Komisi Pemilihan Umum (KPU) merancang revisi Peraturan KPU (PKPU) menjelang Pemilihan Kepala Daerah (Pilkada) 2020. Namun, draf aturan KPU itu dinilai masyarakat masih bermasalah lantaran membolehkan eks koruptor ikut pilkada dan malah melarang keikutsertaan pemabuk, pezina, dan pejudi.
Pilkada 2020 akan digelar di 270 wilayah di Indonesia yang meliputi sembilan provinsi, 224 kabupaten, dan 37 kota. Pemungutan suara akan berlangsung pada 23 September.
Dalam salah satu pasalnya, PKPU melarang seseorang yang punya catatan melanggar kesusilaan untuk mencalonkan diri sebagai gubernur-wakil gubernur, bupati-wakil bupati, dan wali kota-wakil wali kota dalam Pilkada 2020. “Tidak pernah melakukan perbuatan tercela yang meliputi, satu, judi. Kedua mabuk, ketiga memakai atau mengedarkan narkoba, keempat berzina dan/atau melanggar kesusilaan lainnya,” kata Komisioner KPU Evi Novida Ginting Manik saat uji publik revisi PKPU Pilkada 2020 di kantor KPU, Menteng, Jakarta Pusat, Rabu (02/10/19).
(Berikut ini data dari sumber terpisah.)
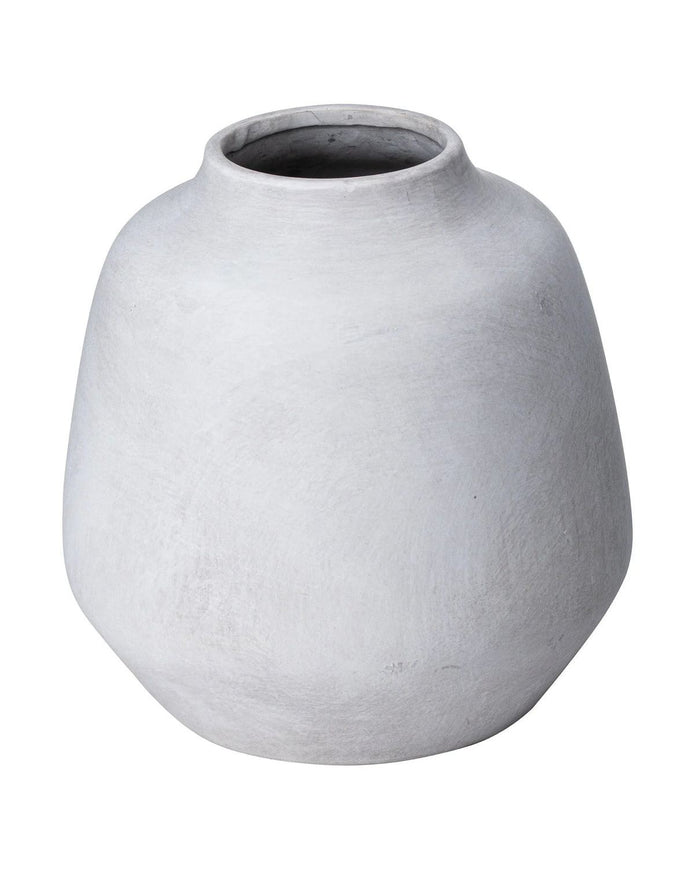 Darcy Ople Vase by Hill Interiors, elegant ceramic vase with a textured finish, ideal for decorative display in living spaces.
Dalam Pasal 42 ayat (1) huruf h rancangan revisi PKPU, calon kepala daerah harus membuktikan diri mereka bebas masalah kesusilaan dengan SKCK dari polisi. Calon gubernur dan wakil gubernur harus meminta SKCK ke Polda. Sementara calon bupati dan wakil bupati atau calon wali kota dan wakil wali kota harus mendapat SKCK dari Polres.
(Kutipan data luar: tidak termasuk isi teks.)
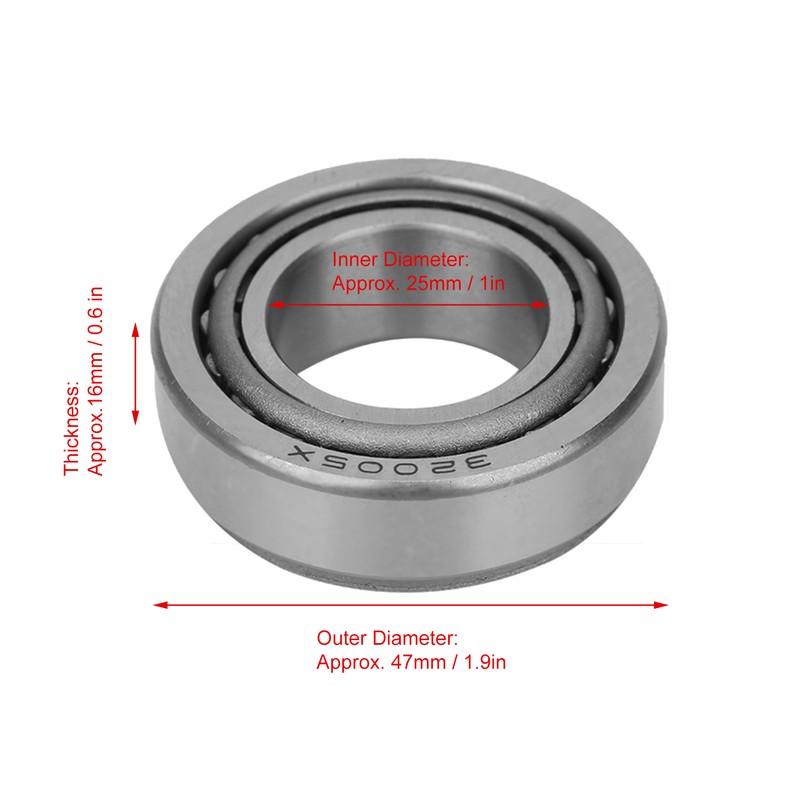4Pcs Tapered Roller Bearing Set for Automotive Car Mechanical Gears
KPU malah tak mengatur larangan terhadap bekas terpidana korupsi untuk mencalonkan diri. Padahal, jauh sebelumnya, KPU begitu gencar melempar wacana soal larangan eks koruptor untuk ikut dalam pilkada tahun depan.
Dari sekitar 30 poin dalam draf revisi PKPU Nomor 3 Tahun 2017 tentang pencalonan kepala daerah, tak ada satu pun poin larangan terhadap napi koruptor. PKPU tercatat hanya melarang mantan terpidana kasus bandar narkoba dan kejahatan seksual terhadap anak untuk ikut pilkada. Sementara untuk mantan terpidana kasus lainnya diminta untuk mengumumkan ke publik soal statusnya sebagai napi, kecuali telah menjalani masa hukuman lima tahun.
KPU mengakui bahwa pihaknya memang lupa memasukkan larangan napi koruptor tersebut. “Iya ini yang terlewatkan ya. Jadi nanti kami akan bahas ya,” kata Evi.
Evi beralasan KPU juga mempertimbangkan masukan partai politik. Dalam pertemuan itu, banyak perwakilan politik yang mengusulkan agar larangan untuk napi koruptor ikut pilkada tak perlu dicantumkan. KPU juga mempertimbangkan pengalaman mereka saat hendak mencantumkan aturan tersebut dalam PKPU Pemilu 2019.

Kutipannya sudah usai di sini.